Stolpernd auf die Zielgerade: Grünen-Spitzenkandidat Jürgen Trittin kämpft gegen Pädophilie-Debatte und sinkende Umfragewerte - auch bei einem seiner letzten Wahlkampfauftritte in Hamburg.

Hamburg. Es ist kein leichter Gang für Jürgen Trittin in diesen Tagen. In der entscheidenden Phase des Wahlkampfs hat die Pädophilie-Debatte nicht nur die Grünen eingeholt, sondern auch ihren Spitzenkandidaten. So ist dem 59-Jährigen die Kritik an seiner Person anzumerken, als er am Mittwochabend vor etwa 350 Anhängern im Hamburger Stadtpark eintrifft. Trittin wirkt angeschlagen und müde. Doch er kämpft vier Tage vor der Bundestagswahl, attackiert den politischen Gegner beinah wie eh und je.

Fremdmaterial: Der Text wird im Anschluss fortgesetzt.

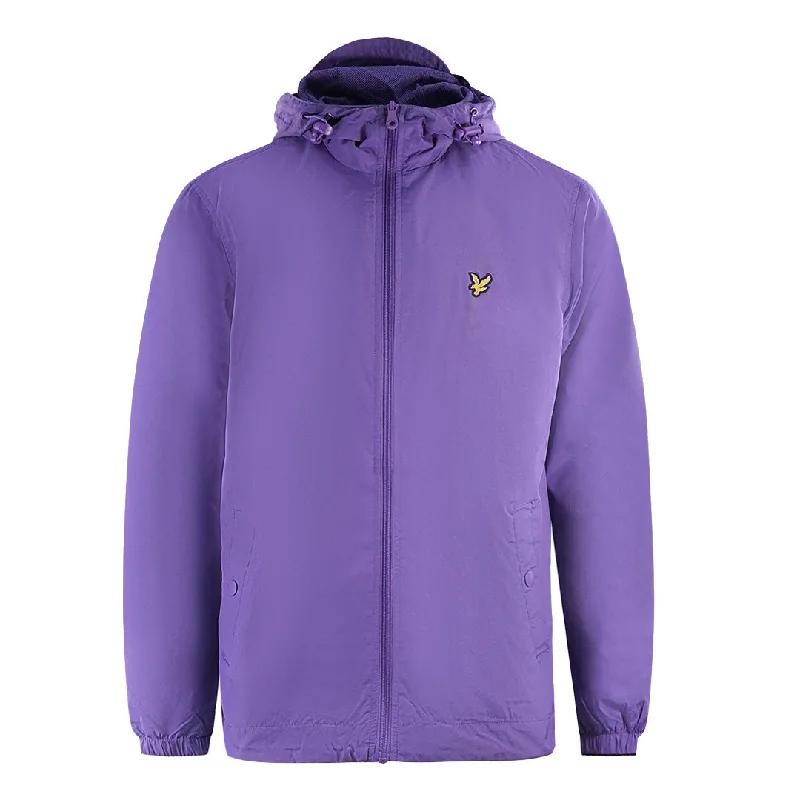 Soft Wool Blend Jacket-Lyle & Scott Lightweight Violet Jacket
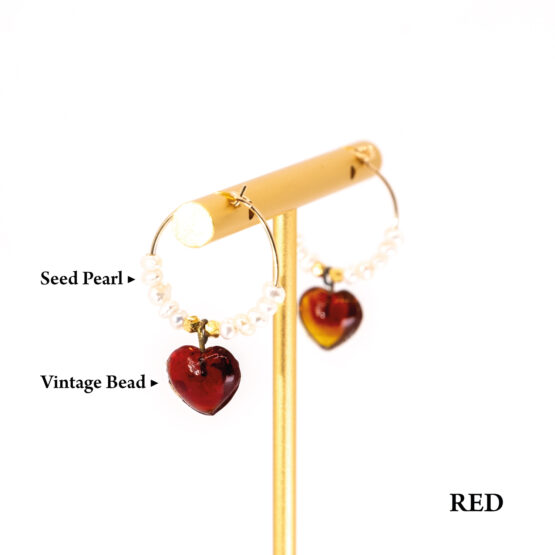 VINTAGE HEART EARRINGS - Image 3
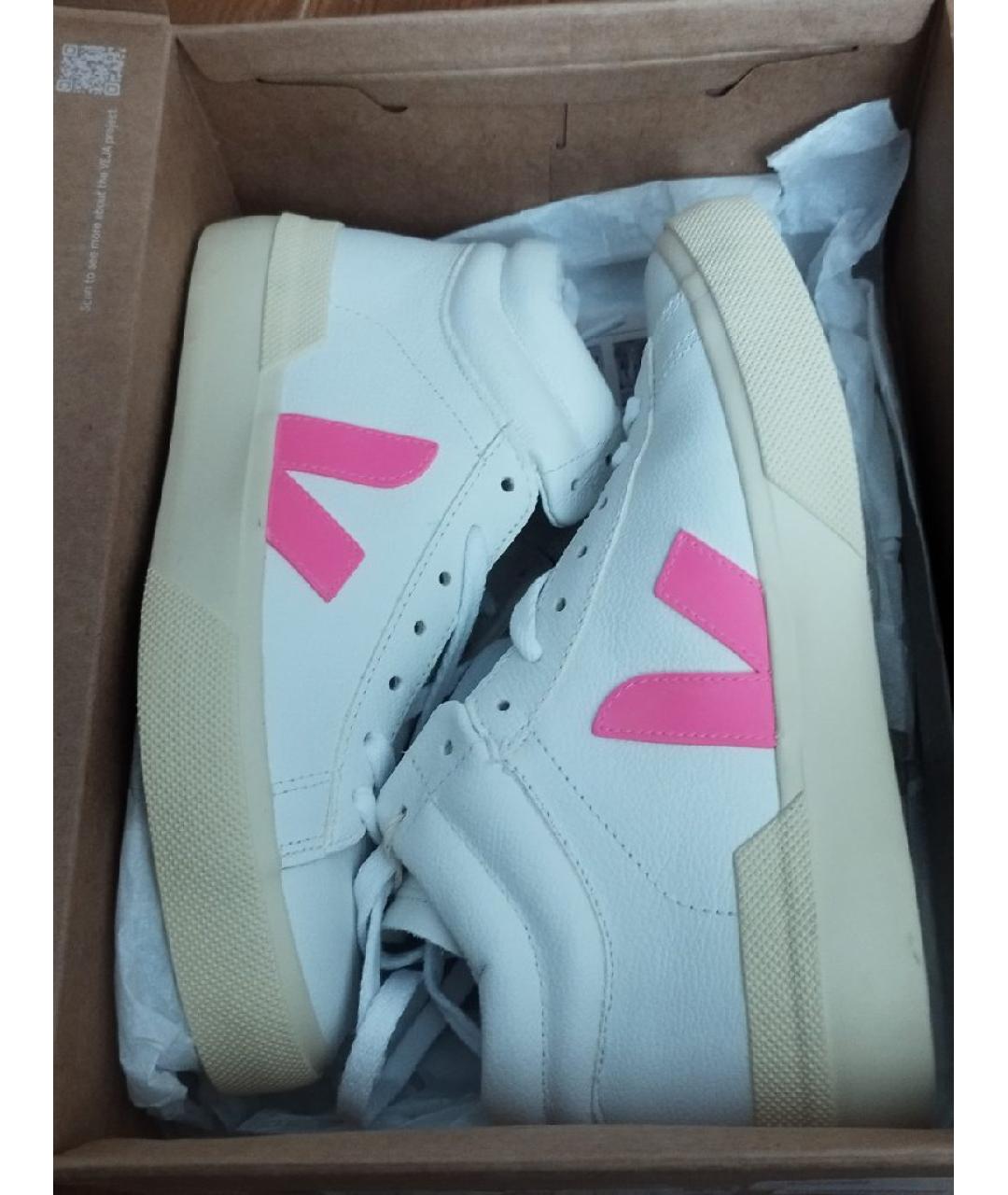 VEJA Белые кожаные кроссовки, фото 5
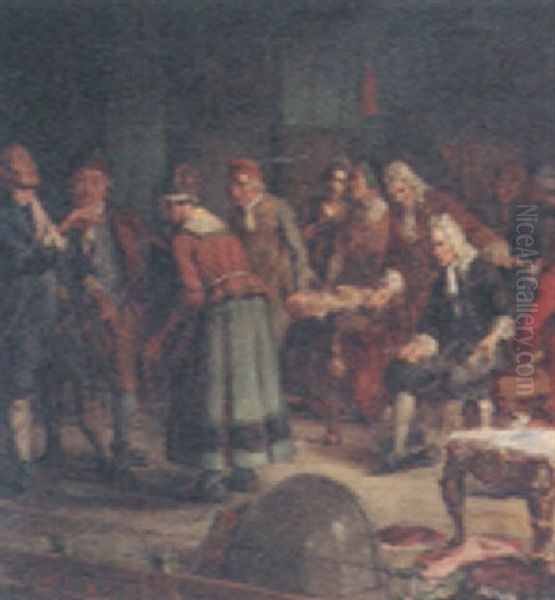 A Scene From The Play "erasmus Lontanus" - view 1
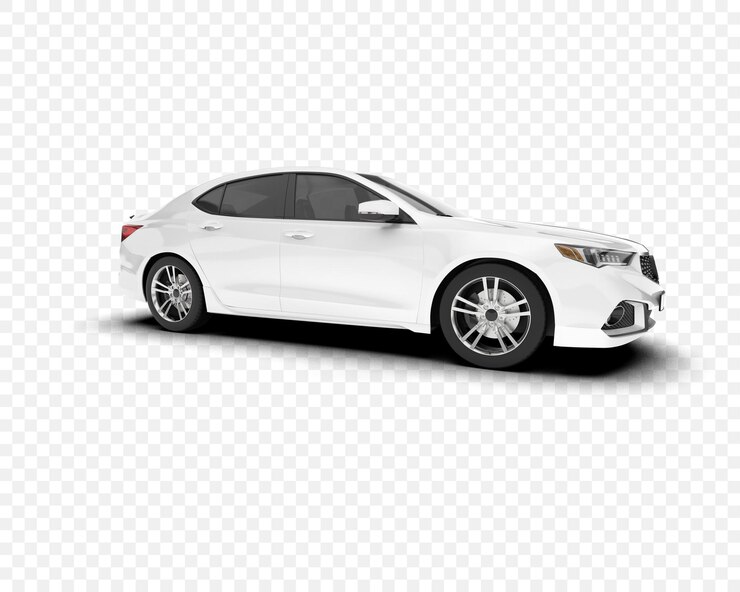 PSD sedan blanc élégant design moderne et élégance automobile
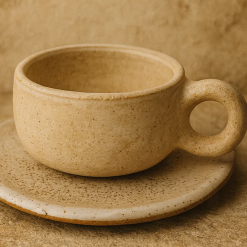 Rustic Sandstone Handmade Tea Set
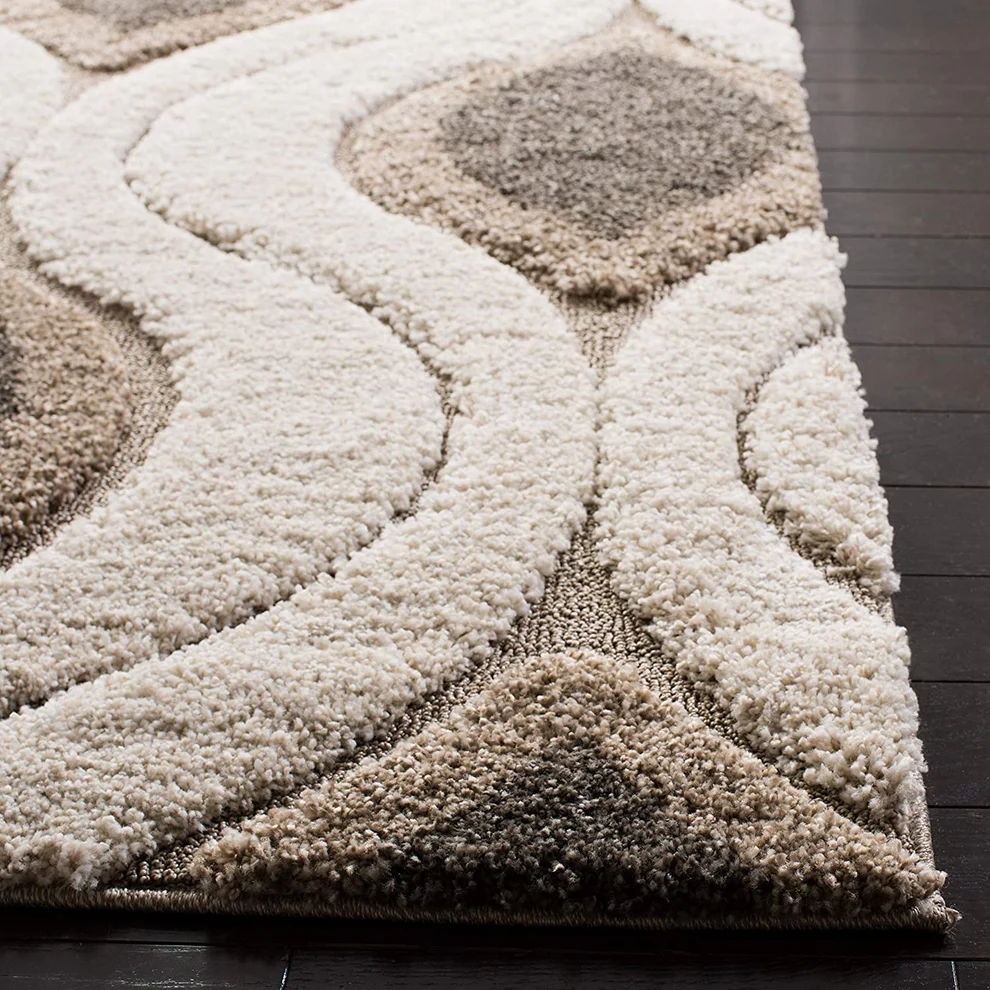 Shaggy 15.4 Shaggy Carpet Modern Living Room Bedroom Abstract Shaggy Carpet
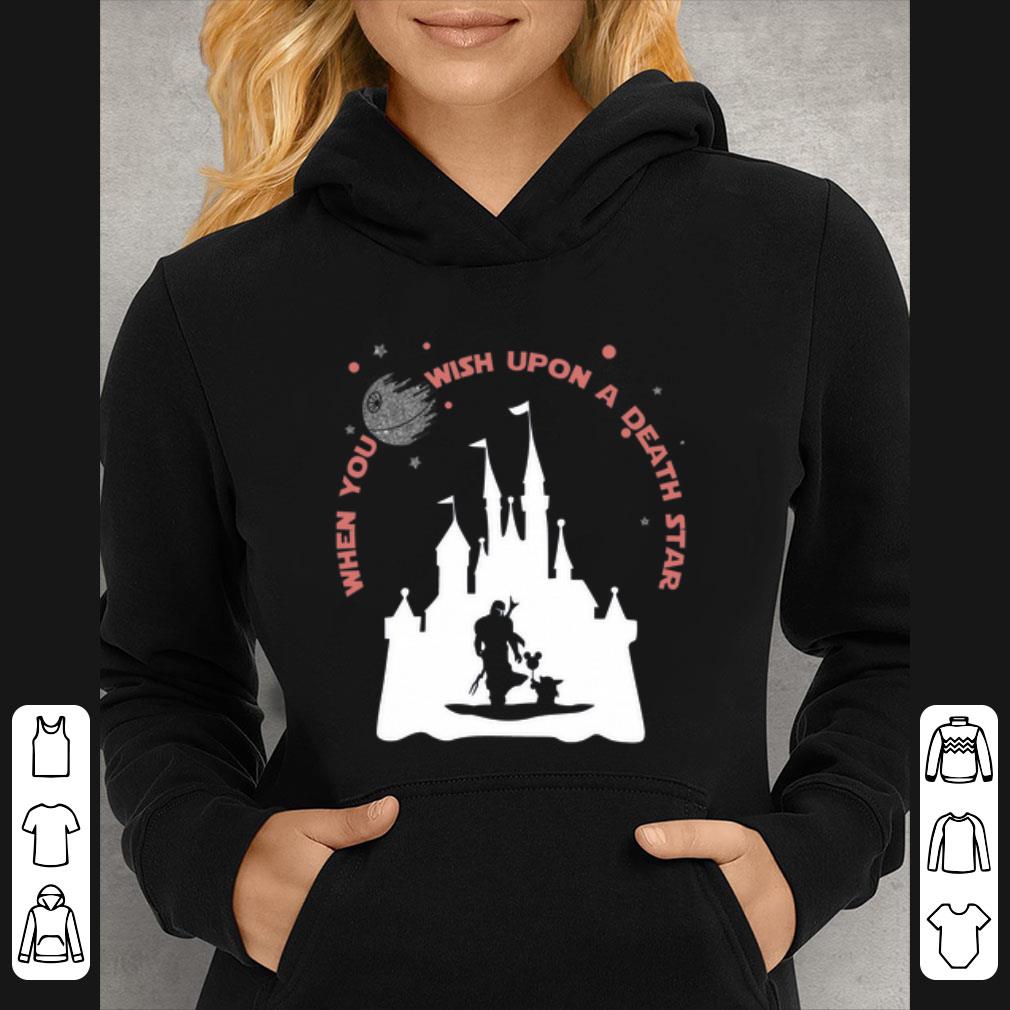 68f47e8a top baby yoda the mandalorian when you wish upon a death star shirt 4 - Top Baby Yoda The Mandalorian When You Wish Upon A Death Star shirt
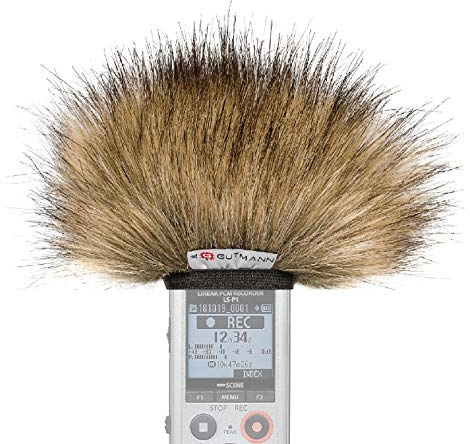 Gutmann Microfono protezione antivento pelo per Olympus LS-P1 / LS-P2 / LS-P4 modello speciale limitato WOLF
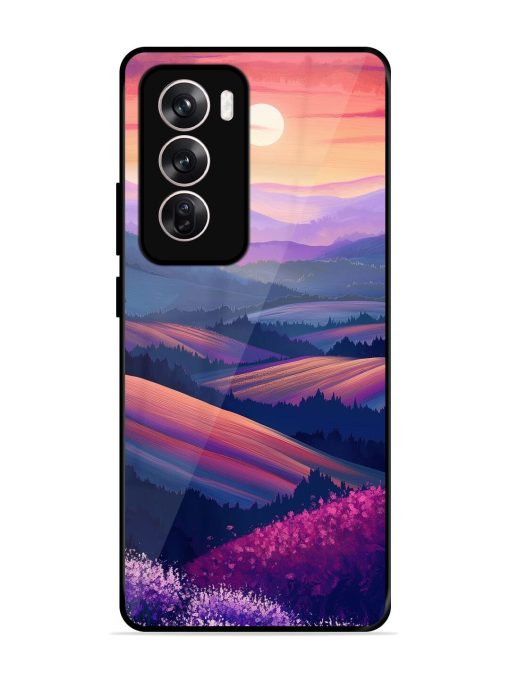 Twilight'S Embrace Glossy Soft Edge Case for Oppo Reno 12 Pro (5G) Chachhi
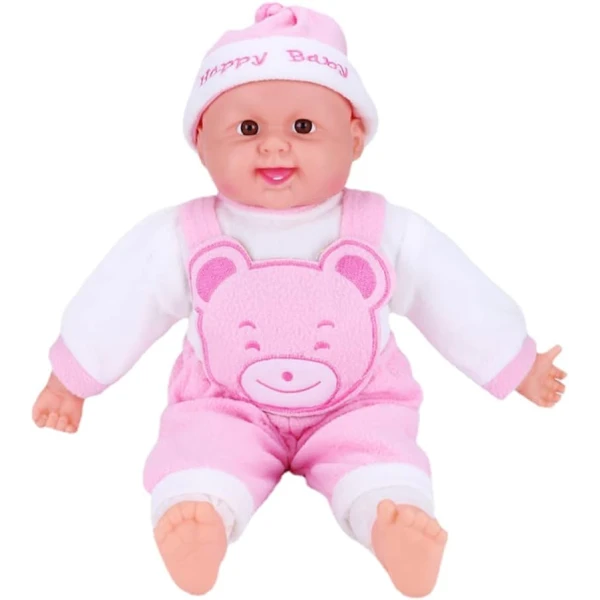 LARGE BABY 50cm FOR STROLLER WITH SOUNDS IN GREEK - VARIOUS COLORS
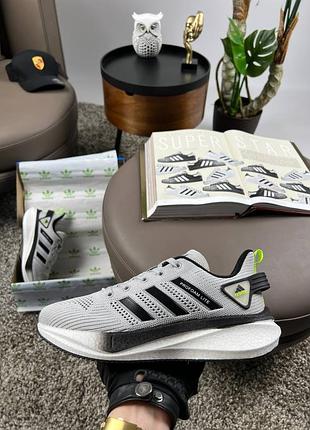 Мужские кроссовки nero adidas profoam lite grey white lime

Er scherzt ein wenig, lächelt hin und wieder und sagt mit fester Stimme: „Sorgen Sie für ein sehr gutes Hamburger Grünen-Ergebnis. Sie helfen mir damit.“

Das traditionsreiche Landhaus Walter haben sich die Grünen für ihren Wahlkampfhöhepunkt ausgesucht. In einem Zelt im Biergarten sollte zum Endspurt bis zur Wahl am Sonntag aufgerufen werden – noch einmal alle Kräfte mobilisieren und gegen die ohnehin sinkenden Umfragewerte ankämpfen. Stattdessen müssen sich Trittin und seine Wegbegleiter seit der Veröffentlichung der Ergebnisse des Parteienforschers Franz Walter erklären: Für ein Göttinger Kommunalprogramm von 1981, in dem unter anderem Straffreiheit für angeblich einvernehmlichen Verkehr mit Minderjährigen gefordert wurde, zeichnete der heutige Fraktionsvorsitzende im Sinne des Presserechts verantwortlich.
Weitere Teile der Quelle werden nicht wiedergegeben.